Em meados do ano passado, o presidente Bolsonaro atacou duramente as urnas eletrônicas, reiterando acusações vazias de fraudes em 2014 e 2018.
Na campanha para minar a confiança nas eleições, o presidente da República, em 29 de julho, fez transmissão ao vivo, pelo YouTube e Facebook, tendo ao lado coronel da reserva, lotado na Casa Civil, a explicar ter ficado comprovada a fraude na eleição de Dilma contra Aécio. Fantasiosa, contudo, era essa suspeita de fraude, conforme demonstrou o Tribunal Superior Eleitoral (TSE), que representou em 2 de agosto ao ministro Alexandre de Moraes, relator no Supremo do Inquérito 4.781/DF, referente à fake news, para ser apurada possível conduta criminosa do presidente da República, ao divulgar inverdades sobre a insegurança do voto eletrônico.
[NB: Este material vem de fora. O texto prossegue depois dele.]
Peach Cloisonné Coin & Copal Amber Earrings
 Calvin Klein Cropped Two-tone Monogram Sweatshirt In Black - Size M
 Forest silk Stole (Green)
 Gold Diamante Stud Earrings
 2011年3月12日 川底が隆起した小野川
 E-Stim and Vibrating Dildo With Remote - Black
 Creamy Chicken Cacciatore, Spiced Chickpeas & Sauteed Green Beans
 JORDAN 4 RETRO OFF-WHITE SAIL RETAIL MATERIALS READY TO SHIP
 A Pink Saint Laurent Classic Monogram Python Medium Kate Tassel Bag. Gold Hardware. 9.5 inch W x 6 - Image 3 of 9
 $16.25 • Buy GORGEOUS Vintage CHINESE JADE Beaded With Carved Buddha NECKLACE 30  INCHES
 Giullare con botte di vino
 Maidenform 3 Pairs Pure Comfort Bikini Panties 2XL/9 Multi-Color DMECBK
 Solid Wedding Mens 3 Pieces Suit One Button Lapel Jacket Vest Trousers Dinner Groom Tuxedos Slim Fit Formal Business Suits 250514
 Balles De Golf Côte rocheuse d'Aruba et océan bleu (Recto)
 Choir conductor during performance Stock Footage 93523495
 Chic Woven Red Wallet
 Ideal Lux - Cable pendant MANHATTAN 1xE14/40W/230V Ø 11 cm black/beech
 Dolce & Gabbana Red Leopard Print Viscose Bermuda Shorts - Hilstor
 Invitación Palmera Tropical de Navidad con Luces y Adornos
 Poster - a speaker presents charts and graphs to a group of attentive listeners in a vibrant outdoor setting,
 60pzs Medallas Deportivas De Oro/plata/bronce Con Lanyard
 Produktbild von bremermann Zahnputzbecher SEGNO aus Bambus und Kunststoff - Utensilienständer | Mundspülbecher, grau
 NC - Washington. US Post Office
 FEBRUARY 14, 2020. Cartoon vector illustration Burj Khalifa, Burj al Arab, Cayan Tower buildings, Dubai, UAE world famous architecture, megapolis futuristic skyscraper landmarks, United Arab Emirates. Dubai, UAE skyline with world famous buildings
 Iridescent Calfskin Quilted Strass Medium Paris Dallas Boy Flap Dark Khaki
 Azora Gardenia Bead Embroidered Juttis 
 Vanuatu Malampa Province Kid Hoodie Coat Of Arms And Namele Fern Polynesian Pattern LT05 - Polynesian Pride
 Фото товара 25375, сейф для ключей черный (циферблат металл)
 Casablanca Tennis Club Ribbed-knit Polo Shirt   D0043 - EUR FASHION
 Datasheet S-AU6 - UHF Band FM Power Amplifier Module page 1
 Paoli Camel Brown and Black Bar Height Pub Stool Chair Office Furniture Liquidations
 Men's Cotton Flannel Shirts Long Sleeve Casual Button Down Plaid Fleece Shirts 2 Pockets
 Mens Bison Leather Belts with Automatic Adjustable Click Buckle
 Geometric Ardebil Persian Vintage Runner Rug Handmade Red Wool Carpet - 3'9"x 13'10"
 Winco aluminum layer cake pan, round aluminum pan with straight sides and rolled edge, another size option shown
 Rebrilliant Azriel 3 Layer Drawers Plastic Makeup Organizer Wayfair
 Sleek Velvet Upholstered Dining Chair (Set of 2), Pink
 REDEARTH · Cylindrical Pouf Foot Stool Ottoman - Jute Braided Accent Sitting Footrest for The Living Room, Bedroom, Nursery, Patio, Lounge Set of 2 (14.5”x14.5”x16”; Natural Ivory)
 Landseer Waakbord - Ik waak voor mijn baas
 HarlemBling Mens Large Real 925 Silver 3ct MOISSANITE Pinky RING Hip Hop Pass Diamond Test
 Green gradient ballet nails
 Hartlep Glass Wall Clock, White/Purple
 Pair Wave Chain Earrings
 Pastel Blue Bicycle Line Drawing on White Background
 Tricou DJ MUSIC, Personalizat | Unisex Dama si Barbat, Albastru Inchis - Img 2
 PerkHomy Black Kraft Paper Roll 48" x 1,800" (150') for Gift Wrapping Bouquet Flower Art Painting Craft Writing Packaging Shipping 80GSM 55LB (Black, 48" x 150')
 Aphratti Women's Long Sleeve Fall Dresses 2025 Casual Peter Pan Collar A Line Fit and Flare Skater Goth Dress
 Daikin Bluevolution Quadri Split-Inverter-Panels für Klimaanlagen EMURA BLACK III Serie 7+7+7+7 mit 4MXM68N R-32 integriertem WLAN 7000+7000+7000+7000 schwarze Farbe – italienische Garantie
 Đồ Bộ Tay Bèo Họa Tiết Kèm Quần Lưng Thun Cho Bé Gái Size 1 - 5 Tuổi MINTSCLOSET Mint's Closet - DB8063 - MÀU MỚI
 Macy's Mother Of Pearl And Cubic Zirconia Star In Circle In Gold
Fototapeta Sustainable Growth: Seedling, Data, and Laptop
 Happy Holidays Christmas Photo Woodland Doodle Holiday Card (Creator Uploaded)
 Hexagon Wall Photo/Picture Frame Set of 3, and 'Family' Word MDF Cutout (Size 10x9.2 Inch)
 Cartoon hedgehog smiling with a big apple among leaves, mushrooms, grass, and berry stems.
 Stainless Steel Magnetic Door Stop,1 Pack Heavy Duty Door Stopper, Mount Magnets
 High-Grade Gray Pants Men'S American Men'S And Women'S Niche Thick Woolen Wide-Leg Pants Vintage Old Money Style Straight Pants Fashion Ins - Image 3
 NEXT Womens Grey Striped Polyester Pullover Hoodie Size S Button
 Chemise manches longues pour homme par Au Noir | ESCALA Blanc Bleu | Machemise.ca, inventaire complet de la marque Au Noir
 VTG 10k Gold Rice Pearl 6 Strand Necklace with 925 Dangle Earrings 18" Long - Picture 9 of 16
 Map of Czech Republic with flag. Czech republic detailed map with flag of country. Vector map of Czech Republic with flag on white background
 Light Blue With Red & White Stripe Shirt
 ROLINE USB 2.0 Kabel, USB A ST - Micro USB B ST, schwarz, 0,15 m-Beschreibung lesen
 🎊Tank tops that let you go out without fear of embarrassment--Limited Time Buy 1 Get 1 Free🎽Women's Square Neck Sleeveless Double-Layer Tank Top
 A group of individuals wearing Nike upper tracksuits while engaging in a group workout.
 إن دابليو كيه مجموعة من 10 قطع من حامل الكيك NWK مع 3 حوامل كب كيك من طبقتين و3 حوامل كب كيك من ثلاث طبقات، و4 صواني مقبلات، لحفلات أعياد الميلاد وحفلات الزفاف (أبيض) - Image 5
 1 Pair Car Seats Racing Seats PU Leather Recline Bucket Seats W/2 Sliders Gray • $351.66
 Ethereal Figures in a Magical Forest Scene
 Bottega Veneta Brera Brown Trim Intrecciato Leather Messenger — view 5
Apesar da medida persecutória do TSE, o presidente da República, dois dias depois, em 4 de agosto, deu entrevista à Rádio Jovem Pan, no programa Os pingos nos Is (https://youtu.be/uTst5tdNTtY), ao lado do deputado federal Felipe Barros, relator da Emenda Constitucional n.º 135, que instituía o voto impresso.
Tramitava na Polícia Federal inquérito sigiloso, n.º 1361, relativo às eleições de 2018. O sigilo do inquérito, estampado na capa em letras vermelhas, justificava-se, pois o TSE enviara à Polícia Federal dados reservados de acesso ao seu sistema para ajudar na apuração. O deputado Felipe Barros, pretextando ser relator da Emenda do Voto Impresso, solicitou acesso aos autos à Polícia Federal, que sem justa causa lhe foi dado.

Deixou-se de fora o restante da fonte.